Can AI therapy help when BIPOC therapists are in short supply?

Can AI therapy help when BIPOC therapists are in short supply?

Last spring, a mixed-race UW–Madison student tried to begin therapy. Like many people seeking mental health support, she knew she would run into delays. But after a nearly month-long wait to see a therapist, the sessions, once they started, felt polite but limited, the result, she thought, of a cultural mismatch between her and the provider. 

The student described the provider, a white woman, to be a qualified therapist, but not the right match to understand the cultural context behind what she wanted to discuss. 

Switching therapists meant restarting the entire process, so she continued seeing the provider she was assigned to, but said the experience never felt like the right fit. 

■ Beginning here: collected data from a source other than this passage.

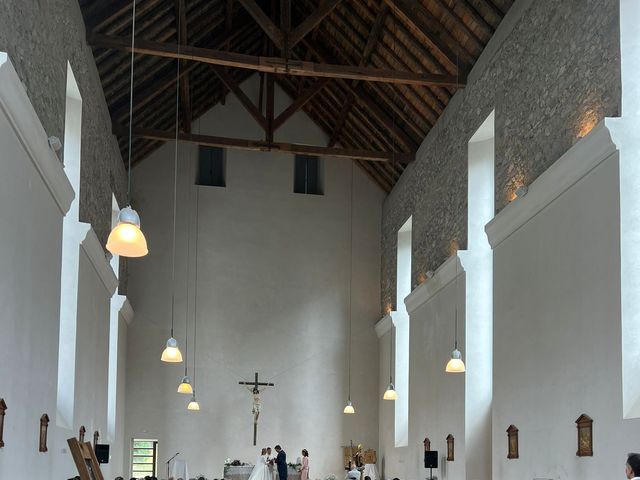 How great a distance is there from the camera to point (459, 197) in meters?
12.3

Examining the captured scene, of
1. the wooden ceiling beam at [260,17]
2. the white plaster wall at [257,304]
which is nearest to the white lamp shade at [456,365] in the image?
the wooden ceiling beam at [260,17]

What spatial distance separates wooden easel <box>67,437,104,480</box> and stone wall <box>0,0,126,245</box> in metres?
3.23

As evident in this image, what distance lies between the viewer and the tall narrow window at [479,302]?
11.1 metres

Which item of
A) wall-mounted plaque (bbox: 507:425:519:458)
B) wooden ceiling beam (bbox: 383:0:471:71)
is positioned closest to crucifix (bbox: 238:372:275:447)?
wooden ceiling beam (bbox: 383:0:471:71)

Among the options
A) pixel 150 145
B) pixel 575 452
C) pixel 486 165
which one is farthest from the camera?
pixel 150 145

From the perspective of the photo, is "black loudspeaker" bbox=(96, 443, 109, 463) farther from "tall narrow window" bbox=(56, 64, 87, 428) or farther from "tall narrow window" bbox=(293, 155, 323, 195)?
"tall narrow window" bbox=(293, 155, 323, 195)

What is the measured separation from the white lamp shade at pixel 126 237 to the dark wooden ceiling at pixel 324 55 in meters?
6.23

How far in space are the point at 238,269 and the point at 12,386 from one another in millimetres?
11774

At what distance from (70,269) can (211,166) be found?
8.85 metres

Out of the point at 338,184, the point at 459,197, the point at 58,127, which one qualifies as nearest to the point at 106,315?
the point at 58,127

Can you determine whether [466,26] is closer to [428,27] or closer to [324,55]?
[428,27]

Her situation reflects a larger reality. For many people, particularly people of color, finding mental health support that is timely, consistent and culturally responsive remains difficult. The nationwide demand for mental health care continues to increase while the number of BIPOC therapists remains disproportionately low. The National Library of Medicine reports that, as of 2020, 74% of therapists are white. 

Brian Benford, a success coach at the UW Odyssey project, sees those barriers every day in the work he does counseling students. 

“Culturally competent physical and mental health care is really lacking within Dane County,” he said. 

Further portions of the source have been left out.